RECORDS FOR THIS EXERCISE:
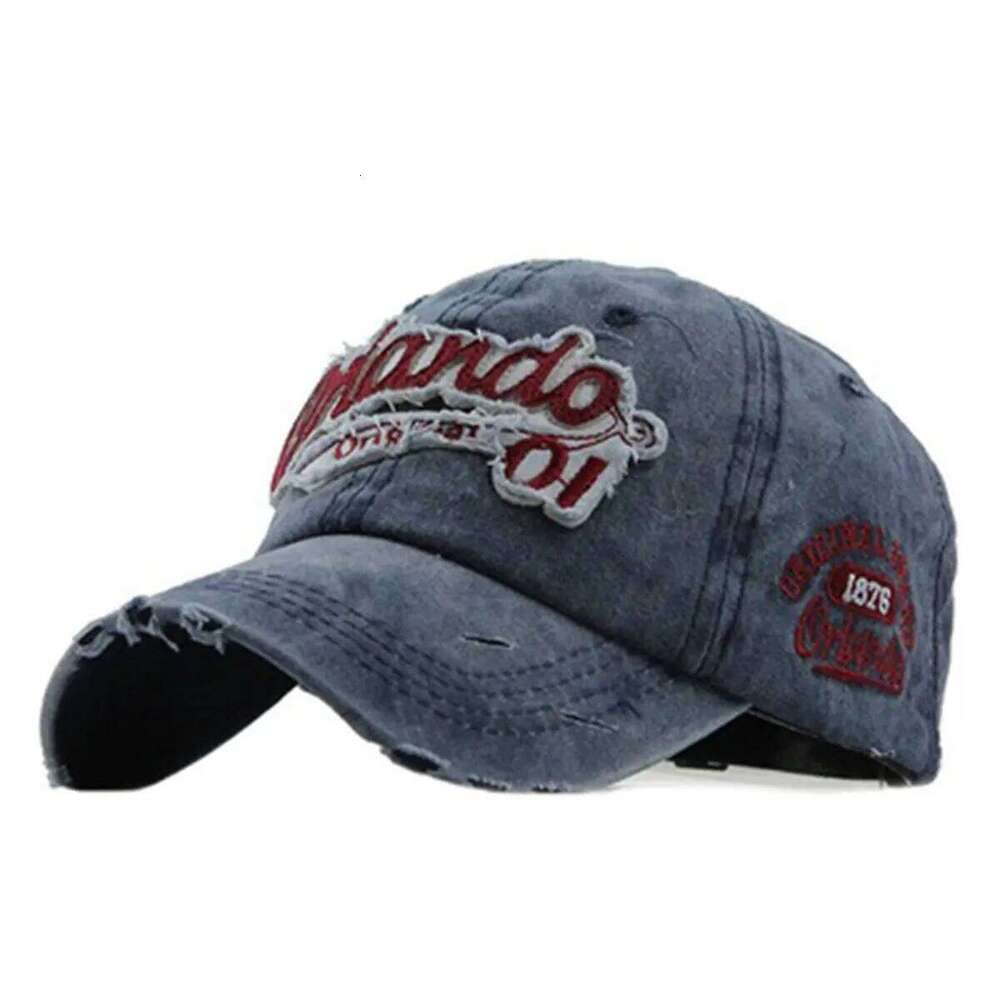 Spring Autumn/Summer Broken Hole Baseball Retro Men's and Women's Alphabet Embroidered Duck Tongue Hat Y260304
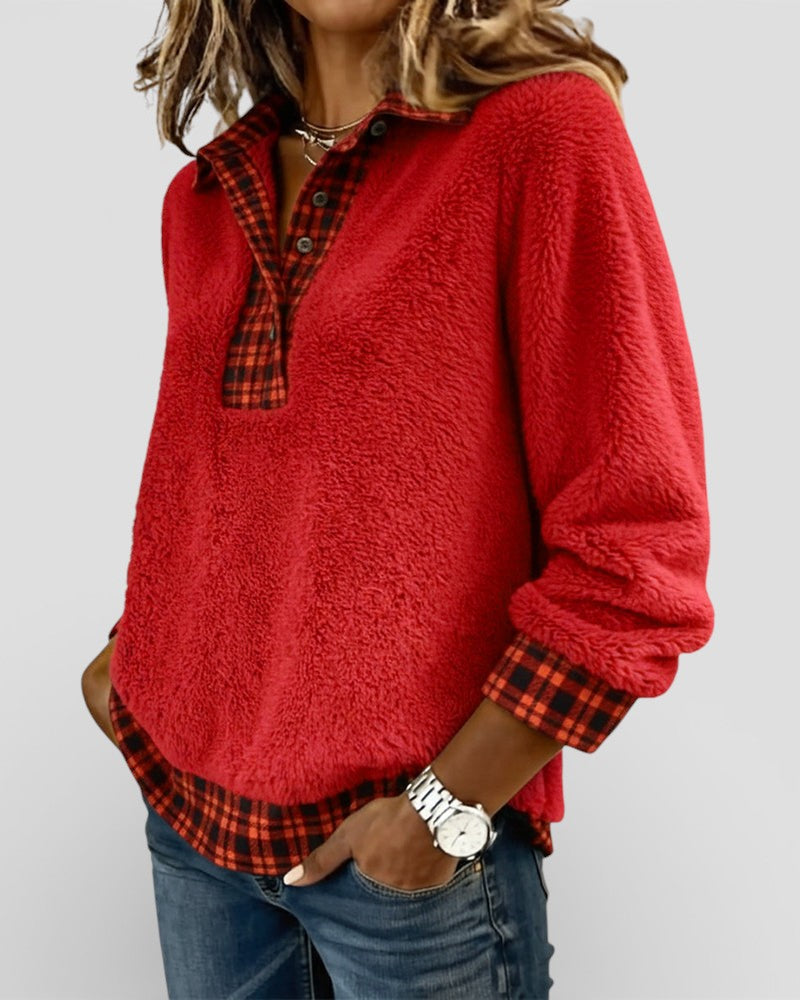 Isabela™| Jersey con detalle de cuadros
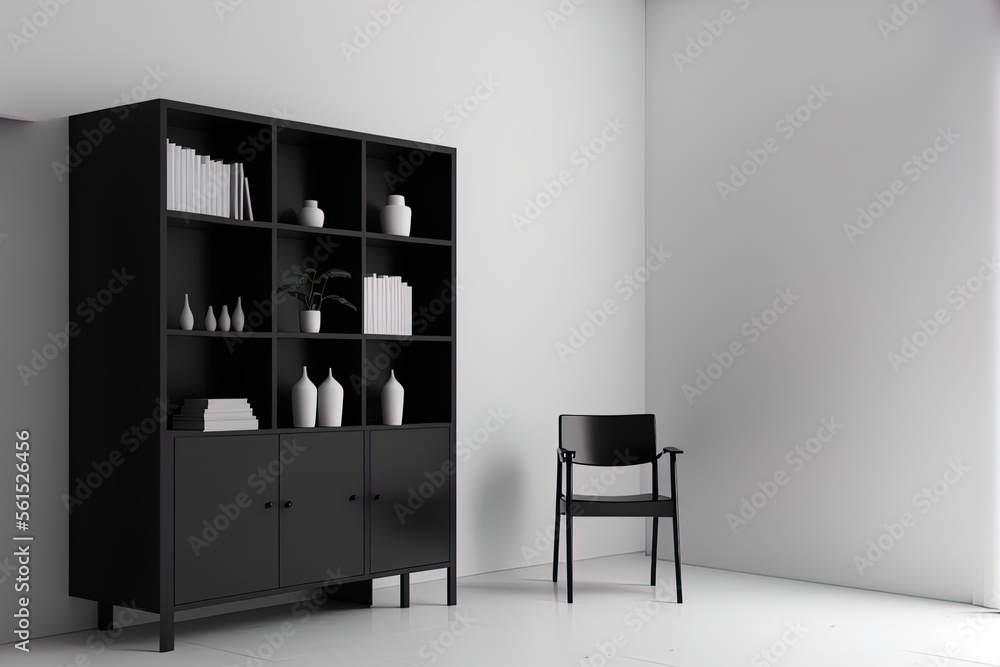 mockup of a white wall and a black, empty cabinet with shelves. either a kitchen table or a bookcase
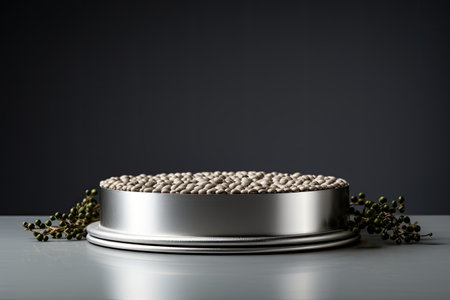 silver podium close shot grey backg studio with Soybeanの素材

...

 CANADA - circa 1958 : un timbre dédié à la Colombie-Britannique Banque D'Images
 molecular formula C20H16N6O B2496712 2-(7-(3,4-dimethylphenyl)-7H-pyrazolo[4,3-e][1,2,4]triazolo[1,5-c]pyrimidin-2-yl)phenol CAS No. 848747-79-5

TASK BRIEF: From the records above, extract the lines from the one holding "Spring Autumn/Summer Broken" through the one holding "silver podium close", word for word; omit the pictures.

ANSWER SPACE:
 Spring Autumn/Summer Broken Hole Baseball Retro Men's and Women's Alphabet Embroidered Duck Tongue Hat Y260304
 Isabela™| Jersey con detalle de cuadros
 mockup of a white wall and a black, empty cabinet with shelves. either a kitchen table or a bookcase
 silver podium close shot grey backg studio with Soybeanの素材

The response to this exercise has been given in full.